Inveja, amor, ciúme, ira... toda a história precisa de um tema, uma problemática na qual os personagens se veem envolvidos e que instiga o leitor. Ilíada é uma história de amor, traição, perda e fome pelo poder; Crime e Castigo sobre miséria e culpa; Dom Quixote sobre loucura e desilusão. É claro que há algo de diferente nas obras destacadas quando comparadas a outras, contemporâneas ou não, com a mesma temática, seja a estética, a maestria na escrita ou pela rela relevância histórica. De qualquer forma, é inegável o fato de que, até hoje, tais narrativas ainda falam com seus leitores.

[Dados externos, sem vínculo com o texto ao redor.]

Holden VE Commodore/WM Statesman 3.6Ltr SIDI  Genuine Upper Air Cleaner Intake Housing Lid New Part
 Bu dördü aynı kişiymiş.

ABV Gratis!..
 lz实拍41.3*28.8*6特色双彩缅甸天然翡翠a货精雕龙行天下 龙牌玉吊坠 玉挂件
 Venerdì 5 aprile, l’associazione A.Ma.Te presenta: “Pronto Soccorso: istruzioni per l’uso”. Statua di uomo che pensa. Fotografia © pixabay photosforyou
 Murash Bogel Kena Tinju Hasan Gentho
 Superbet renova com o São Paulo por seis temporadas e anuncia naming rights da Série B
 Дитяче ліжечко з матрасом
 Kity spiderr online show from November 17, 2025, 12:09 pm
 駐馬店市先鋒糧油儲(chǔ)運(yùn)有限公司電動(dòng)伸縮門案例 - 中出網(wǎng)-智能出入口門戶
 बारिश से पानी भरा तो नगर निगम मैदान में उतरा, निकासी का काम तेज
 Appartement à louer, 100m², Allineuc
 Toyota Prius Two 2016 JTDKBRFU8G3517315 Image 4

Quando li "Floresta é o Nome do Mundo", da escritora Ursula Le Guin, tive um sentimento muito semelhante aos que tive ao entrar em contato com as supracitadas. Esse é um desses livros que transforma a escrita soberba e seu contexto histórico em uma narrativa atemporal. Desconstruindo o arquétipo de Pocahontas, a autora escreve uma literatura anti-imperialista a partir de um planeta colonizado por humanos extrativistas, onde a salvação não vem de um colonizador misericordioso, mas de um esforço conjunto dos colonizados para, a fim de salvar seus costumes e suas vidas, expulsar os invasores.
Por mais que paródias sempre foram muito comuns ao longo da história, são poucos aqueles com maestria necessária para desconstruir um gênero e transformar em algo memorável. Sem dúvidas, por conta de todos os temas ali abordados, a obra de Le Guin se apresenta como atemporal, despertando esperança e determinação aos leitores. Enquanto gênero, aliás, a ficção científica apresenta uma grande variedade de narrativas que podem ser consideradas atemporais, como Ghost in the Shell. Enquanto representante do subgênero "cyberpunk", a obra não apenas desperta dilemas que sempre aparecem ao longo da epistemologia, como também traz algo de novo a uma discussão antiga sobre a vida e seu propósito. Além delas, consigo lembrar, em outros gêneros, de alguns contos de Rubem Fonseca, as poesias de Ana Cristina Cesar e romances de Mia Couto que poderiam ser considerados atemporais... mas isso, necessariamente, significa que tais textos deveriam ser considerados como "superiores" aos demais?
Enquanto conceito, tal atemporalidade poderia ser descrita enquanto algo específico de sua era que pode ser dito por todas as eras, evoluindo discussões passadas com uma nova perspectiva. Nesse sentido, um novo Dom Casmurro nunca poderia ser escrito, mas também não deveria ser escrito. A razão pelo qual nos agarramos em tais obras, é porque reconhecemos seus valores e queremos passá-los adiante, não reescrevendo o passado, mas fazendo-o ser sempre relevante. Tomemos a obra machadiana, por exemplo, e pensemos quantas obras dali foram feitas, de poemas a peças, teorias como as de Veríssimo até romances como as de Ana Maria Machado.
De toda forma, é interessante pensar se apenas ao se encontrar atemporalidade os textos se tornam relevantes. Sinceramente, eu não acredito que seja o caso. Certas narrativas não se propõem a ser algo além de uma boa história, ou apenas uma reflexão mais íntima e necessária. Afinal, com tal atemporalidade, é necessário sacrificar certos atributos que tornam o texto mais envolventes com o público de seu tempo histórico. Assim, uma busca pelas narrativas de hoje que poderão se tornar universais amanhã poderia apenas servir de exercício e mera especulação.